Paywalled, outline.com doesn’t help


Odd. It wasn't paywalled for me.

Does this work? http://archive.is/Oj2qI


That site works fine as long as you don’t use Cloudflare for DNS. It’s technical and opinionated at the same time[1]; I don’t have a side or stake in it, but I found I couldn’t make archives on it or otherwise access this domain while I was using Cloudflare DNS, so this is still happening as of a month or so when I last tried it using the Cloudflare DNS iOS app[2]. Try it for yourself. Set your DNS to 1.1.1.1 and try to visit your link.

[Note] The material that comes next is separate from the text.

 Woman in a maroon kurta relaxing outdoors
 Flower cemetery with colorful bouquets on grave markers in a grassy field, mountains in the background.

Again, I’m not disagreeing with the archive.is stance either. I do think their argument has merits; I just think this is a case of competing incentives for archive.is and Cloudflare. Archive.is likely has reason to not want their server or scraper IPs burned, or otherwise blocked by Cloudflare or associated sites or users, anymore than archive.is would want to be blocked by any domain; it’s counter to the purpose of the site, regardless of what site operators may want. By that same token, Cloudflare has a financial and business interest in doing what customers request of them, within their SLA and product matrix. I don’t find either party’s position surprising, but I don’t know where it goes from here, if anywhere.

DNS is an unwieldy holdover from a past era, but it’s what makes URLs work for many use cases. Tested, functional software is a good thing, but so are alternatives. This isn’t meant to be about DNS generally, just about archiving services, I guess, and how hard it is to find the good ones we have, as well as create new ones.

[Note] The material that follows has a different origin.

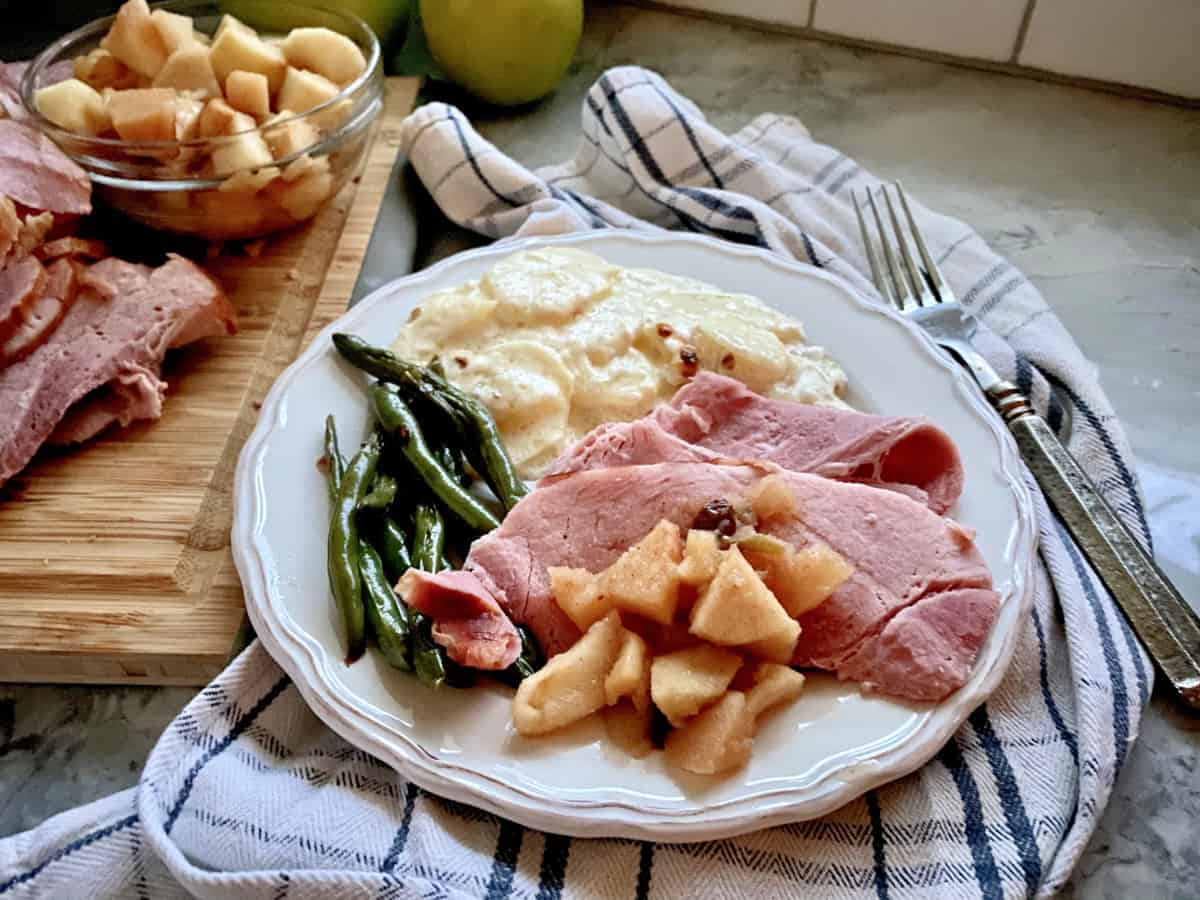 White plate filled with sliced ham, apples, green beans, and potatoes.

Maybe things like Web3Torrent[3] can bridge this gap?

[1] on HN (2019) https://news.ycombinator.com/item?id=19828317

[2] https://apps.apple.com/us/app/1-1-1-1-faster-internet/id1423...

[3] https://blog.statechannels.org/introducing-web3torrent/



Not OP, but doesn’t work for me.


> While some employees debated the Slate Star Codex decision on Tuesday, one staffer also raised issues about opinion staff editor Bari Weiss, saying that when she posted on Twitter about her dismay over the anger about Cotton’s column, she “straight up lied about a nonexistent battle within the new york times because she knew it would be a juicier tweet.”

Wow so this staffer manufactured false outrage using social media to incite a staff mutiny and get a colleague fired? This matches what friends have seen with purposeful leaks in tech companies that seek to invite pressure from a captive twitter outrage machine. It seems these tactics are in common widespread use. Or maybe common at least in left-leaning cities/organizations - I am not personally aware of brazen actions to harness Internet outrage like this elsewhere.


I think you've misread; the referenced tweet is about dismay over the anger that got the colleague fired.